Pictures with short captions
----
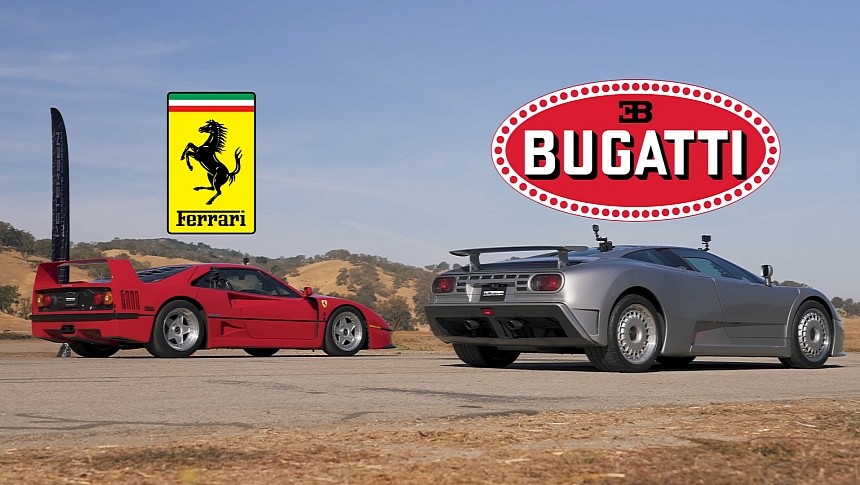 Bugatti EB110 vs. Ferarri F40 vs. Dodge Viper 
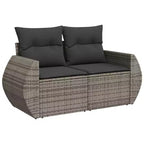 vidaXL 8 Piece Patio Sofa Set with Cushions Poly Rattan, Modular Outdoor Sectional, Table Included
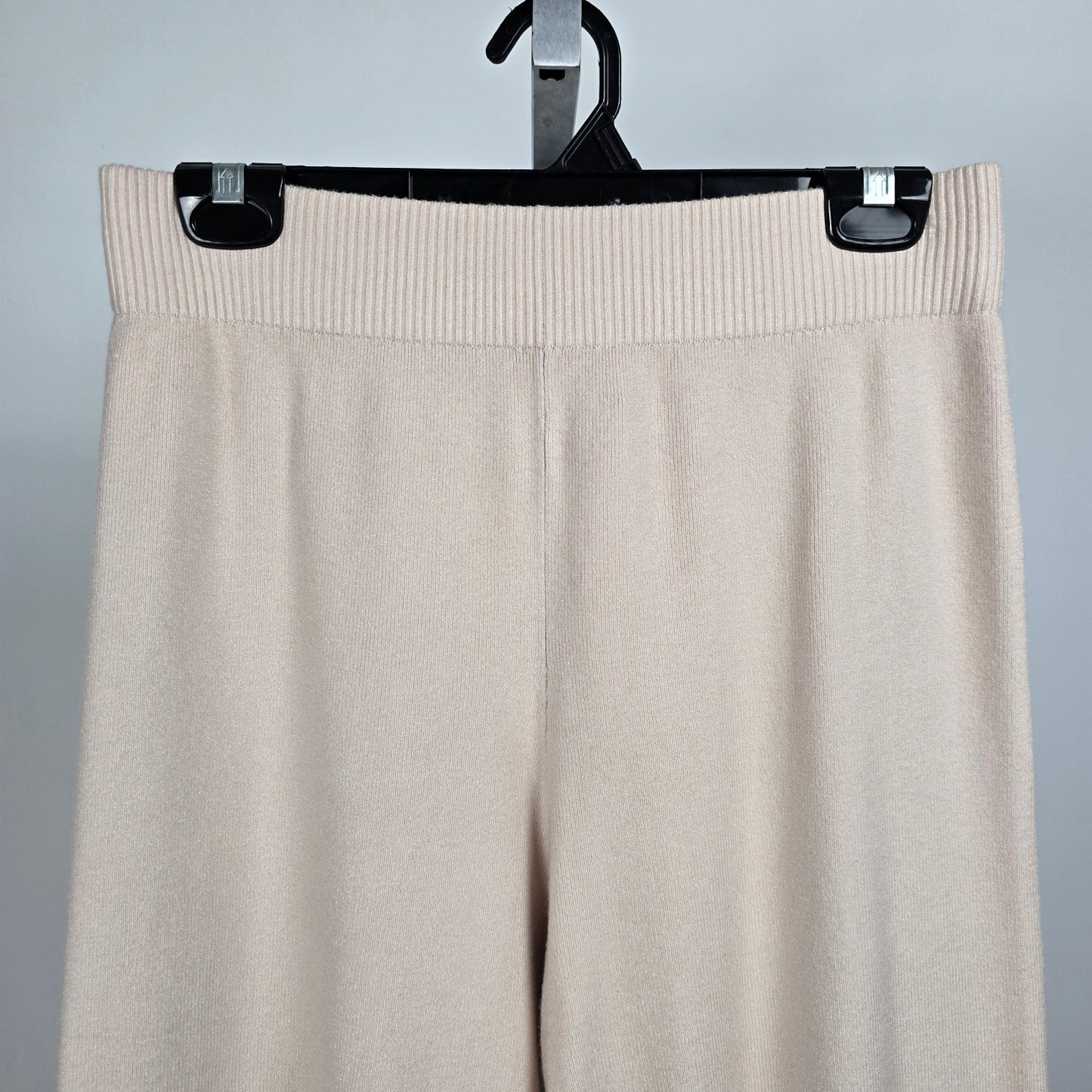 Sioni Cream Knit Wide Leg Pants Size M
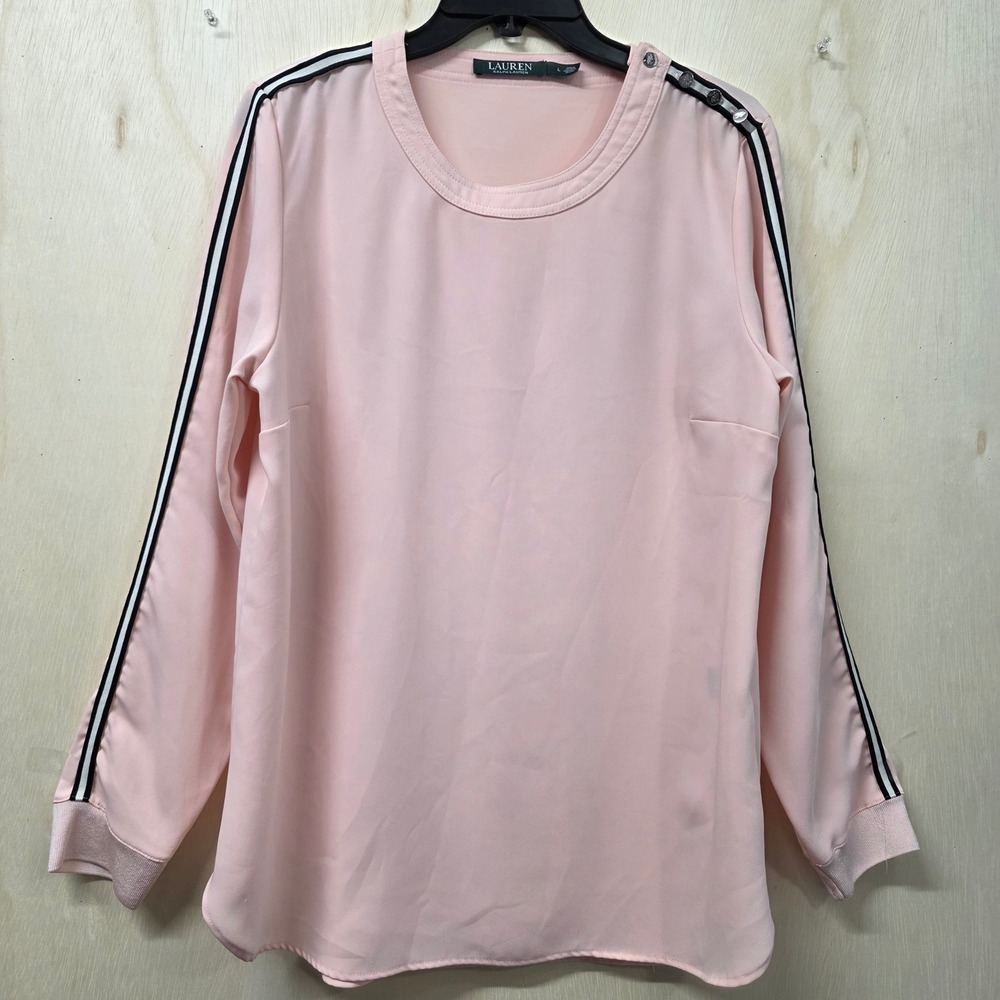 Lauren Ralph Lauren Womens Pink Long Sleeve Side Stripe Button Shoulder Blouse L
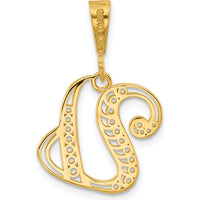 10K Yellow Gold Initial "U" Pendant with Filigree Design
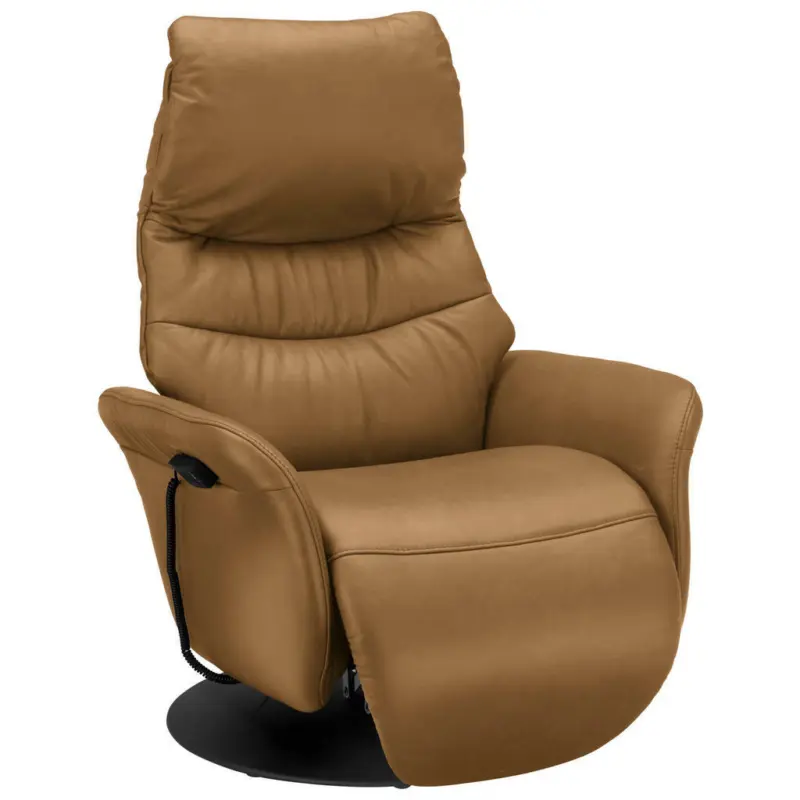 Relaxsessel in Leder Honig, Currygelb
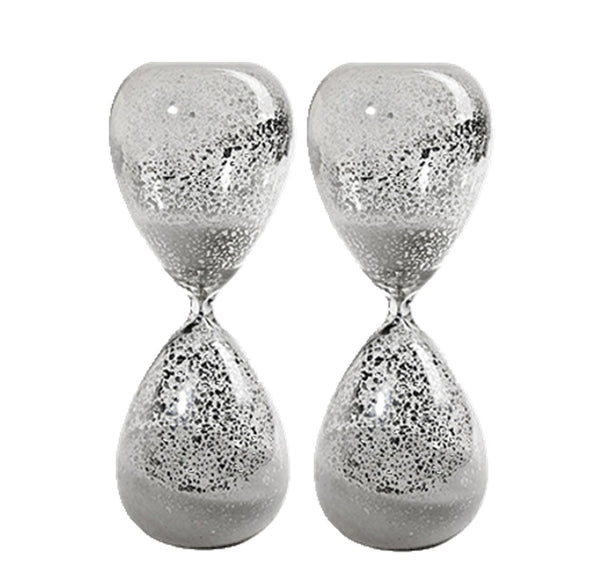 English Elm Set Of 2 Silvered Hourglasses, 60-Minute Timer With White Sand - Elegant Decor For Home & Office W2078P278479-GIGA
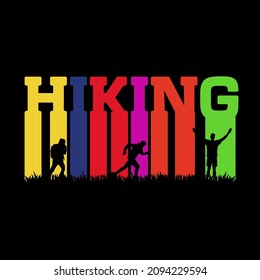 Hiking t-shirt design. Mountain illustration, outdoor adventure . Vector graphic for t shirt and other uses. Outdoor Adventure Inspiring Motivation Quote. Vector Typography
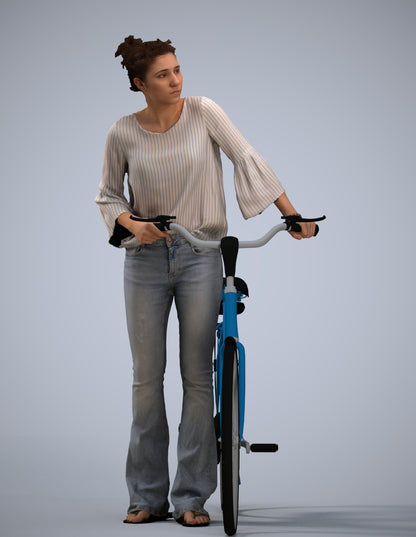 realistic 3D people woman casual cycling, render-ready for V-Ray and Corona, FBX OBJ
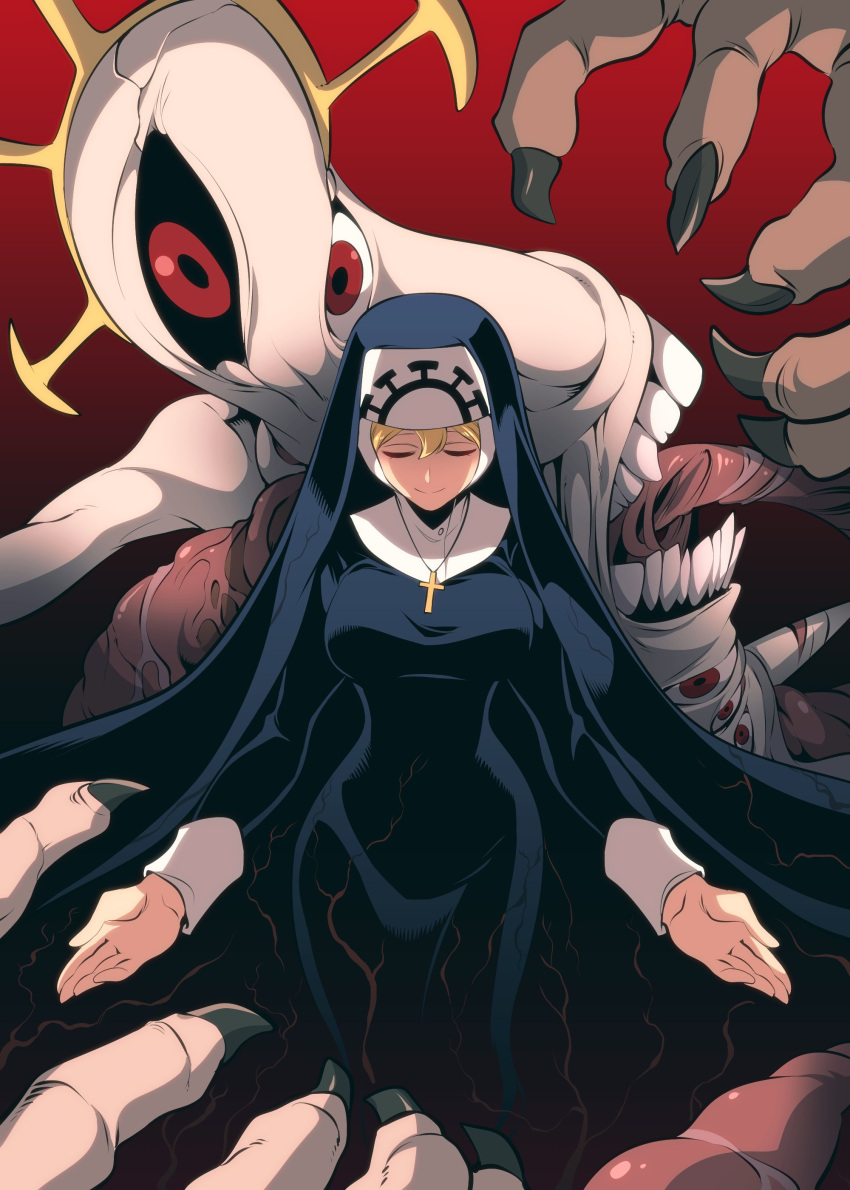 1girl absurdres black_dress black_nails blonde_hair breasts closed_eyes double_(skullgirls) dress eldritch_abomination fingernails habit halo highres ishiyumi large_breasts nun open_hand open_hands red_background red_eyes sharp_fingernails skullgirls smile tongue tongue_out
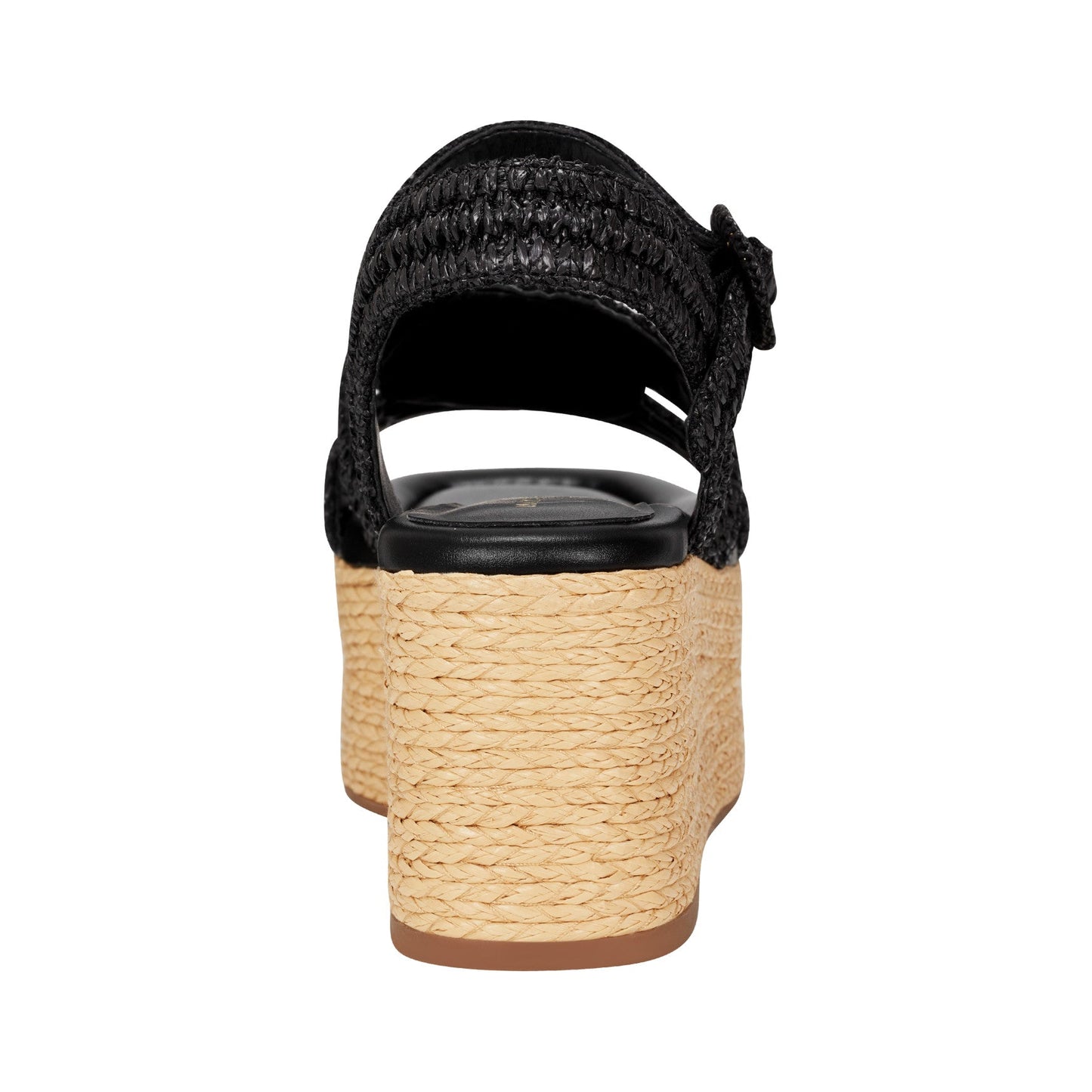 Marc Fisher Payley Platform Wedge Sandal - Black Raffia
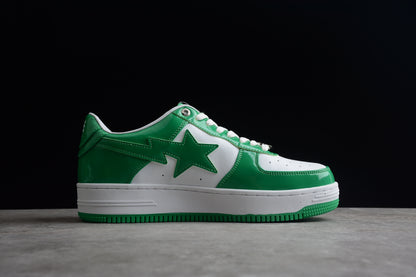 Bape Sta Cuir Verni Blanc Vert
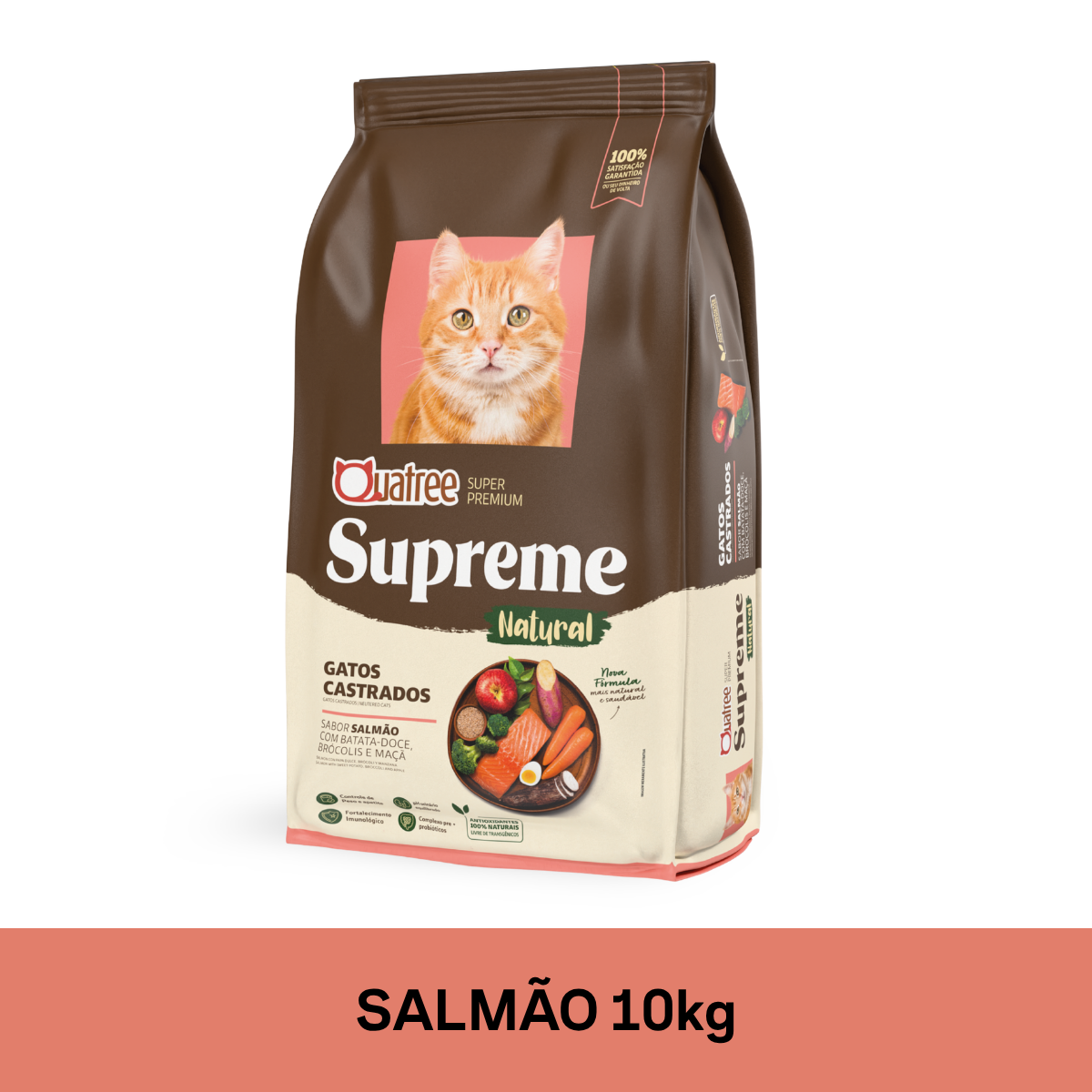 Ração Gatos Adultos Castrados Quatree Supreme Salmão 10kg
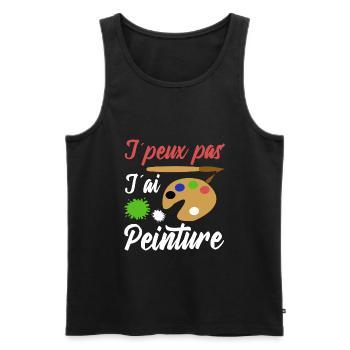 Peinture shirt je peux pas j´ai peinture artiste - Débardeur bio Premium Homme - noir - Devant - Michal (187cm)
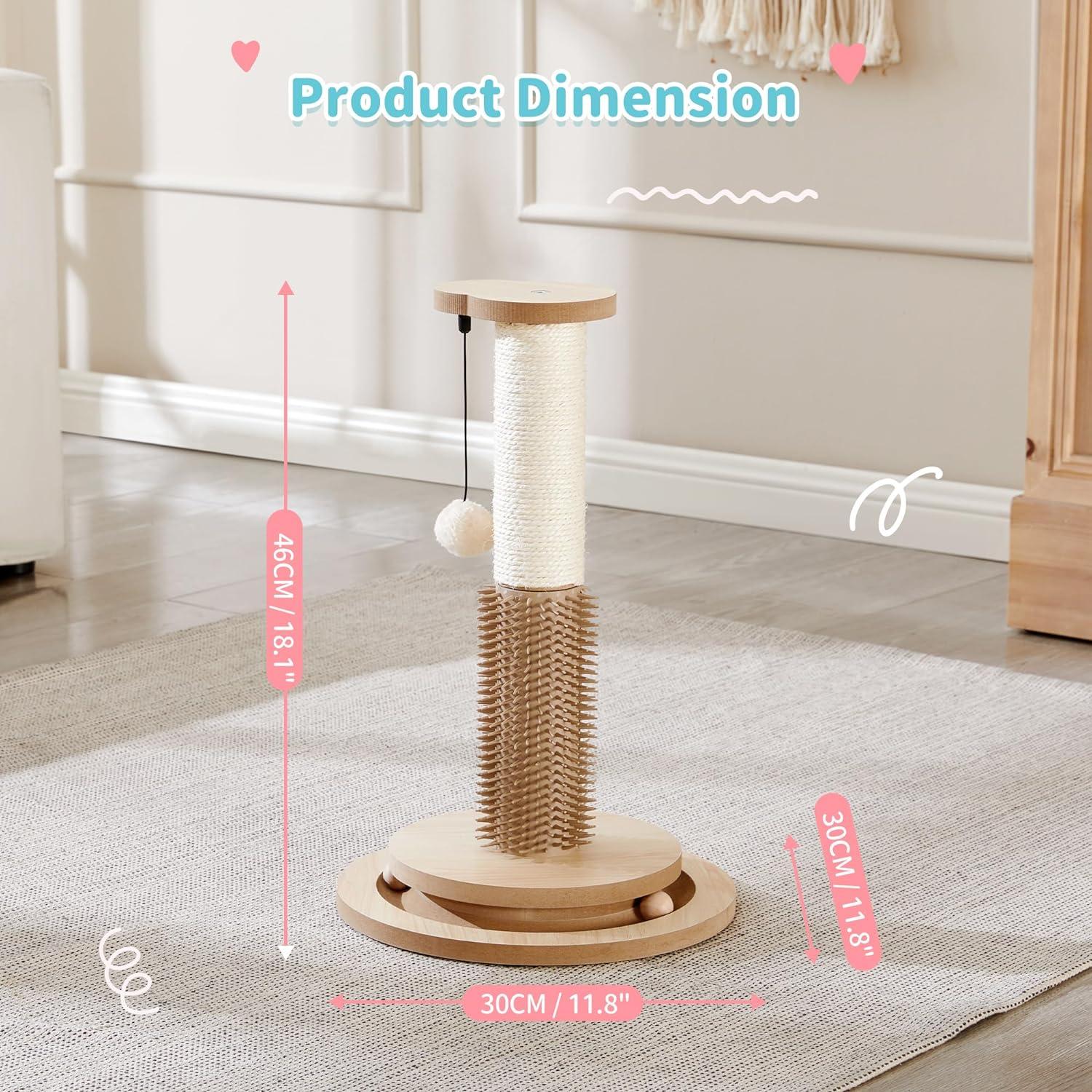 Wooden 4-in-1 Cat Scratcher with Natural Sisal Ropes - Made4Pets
----
DIRECTIONS
Once you find the line that contains "Bape Sta Cuir Verni Blanc Vert", give it again along with every later line through the end of the data, word for word, minus the pictures.

RESPONSE FOR THIS EXERCISE
 Bape Sta Cuir Verni Blanc Vert
 Ração Gatos Adultos Castrados Quatree Supreme Salmão 10kg
 Peinture shirt je peux pas j´ai peinture artiste - Débardeur bio Premium Homme - noir - Devant - Michal (187cm)
 Wooden 4-in-1 Cat Scratcher with Natural Sisal Ropes - Made4Pets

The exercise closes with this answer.